By  Janet Upadhye and Ben Fractenberg | November 2, 2012 8:41am 

NEW DORP BEACH — Residents of New Dorp Beach are continuing to cleanup after Hurricane Sandy devastated their community — and many are still wondering when power and vital relief was getting to them.
 
Water still covered parts of Cedar Grove Avenue, which is just off the beach in the Lower Bay, and some houses were completely destroyed. Neighbors slowly cleaned their property, some seemingly unsure where to even start addressing the damage.
 
"We need help," said Caroline Tresca who lives in New Dorp. "We need Red Cross, we need FEMA. People have nothing."
 
FEMA inspectors were seen in Midland Beach Thursday morning, meeting with people whose houses were destroyed. One worker described the amount of appointments they faced Wednesday as "overwhelming."
 
About a half dozen police were stationed on Cedar Grove Avenue and the Fire Department responded to a call of a gas leak in a neighborhood home, but many people were relying on each other for help.
 
Some residents draped piles of free clothes over a wooden guardrail on the avenue.

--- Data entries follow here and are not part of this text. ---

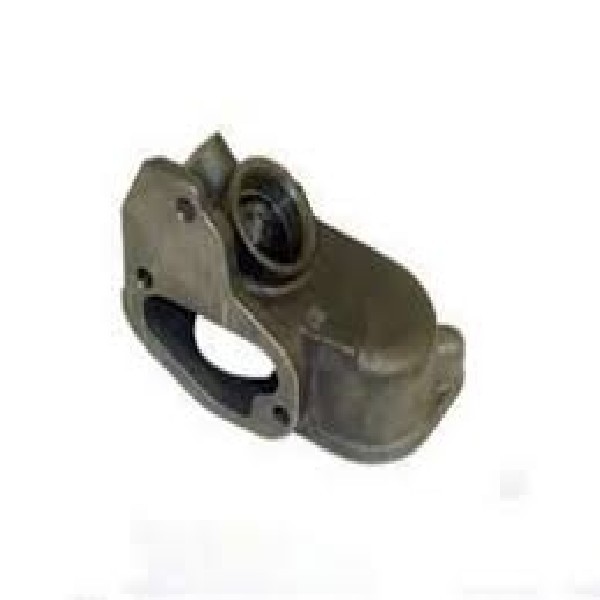  | CARCACA VALVULA TERMOSTATICA MB 1618/1620 OM366 USA 1 VALVULA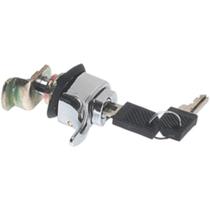 Fecho Do Porta-luvas Com Chave Fusca variant tl Unv20191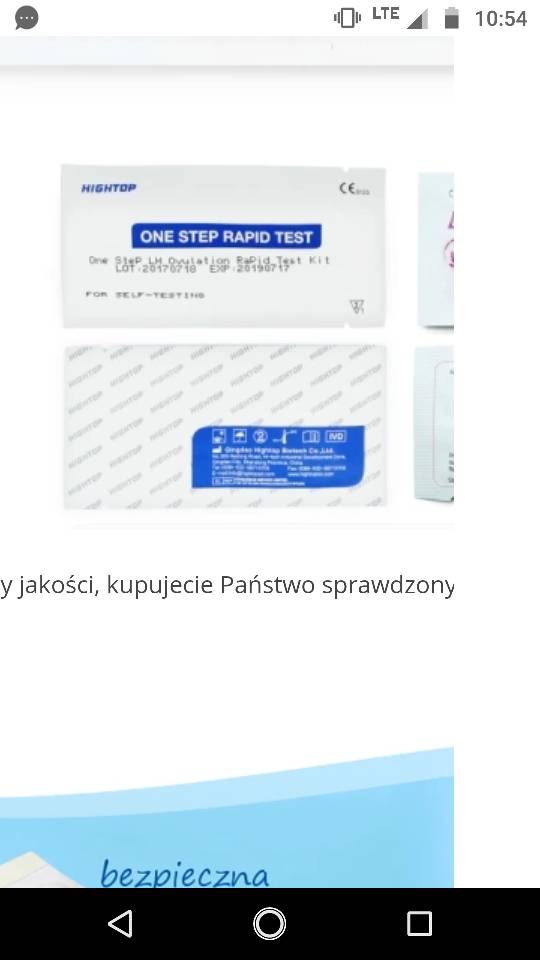 Screenshot_20190212-105421.jpeg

Others walked around handing out water and baked goods.
 
"Community members are really coming together to help each other out," said Nicole Malliotakis, local New York State Assemblywoman. "Even the bowling alley is donating food and clothes."
 
While the macabre work of searching for dead bodies in homes had just about ended Thursday, there was still grim news coming out.
 
The bodies of two young boys, who went missing during the hurricane when their mother's car got stuck in floodwater, were found Thursday morning just north of New Dorp Beach in a marsh off Father Capodanno Boulevard.
 
"She's a great mother," said Lisa Carrano, the family's neighbor. "What she was trying to do was get her children to safety."
 
But there stories of survival too.
 
Lenny Nicholas, 48, was forced to flee his Midland Beach home when water surged through his neighborhood Monday night.
 
"You saw it rush in like a tsunami," said Nicholas, who fled his home, leaving his cat and Rottweiler behind. "You didn't even have enough time to turn around grab anything."
 
Nicholas tried to get back to his home later that evening and almost drowned.
 
"I was swimming as hard as I could," he said. "It was pulling me under."
 
Miraculously, when he did finally get back to his home after the hurricane left, his animals were still alive. 
 
Eric Diaz, 18, said he was walking in Midland Beach Wednesday when he passed a distraught man.
 
"All I want is my mother's ashes," he said the man yelled to him, unable to get into his home which was still flooded.
 
Diaz waded waist-deep through the murky water into the house, found the urn and brought it back.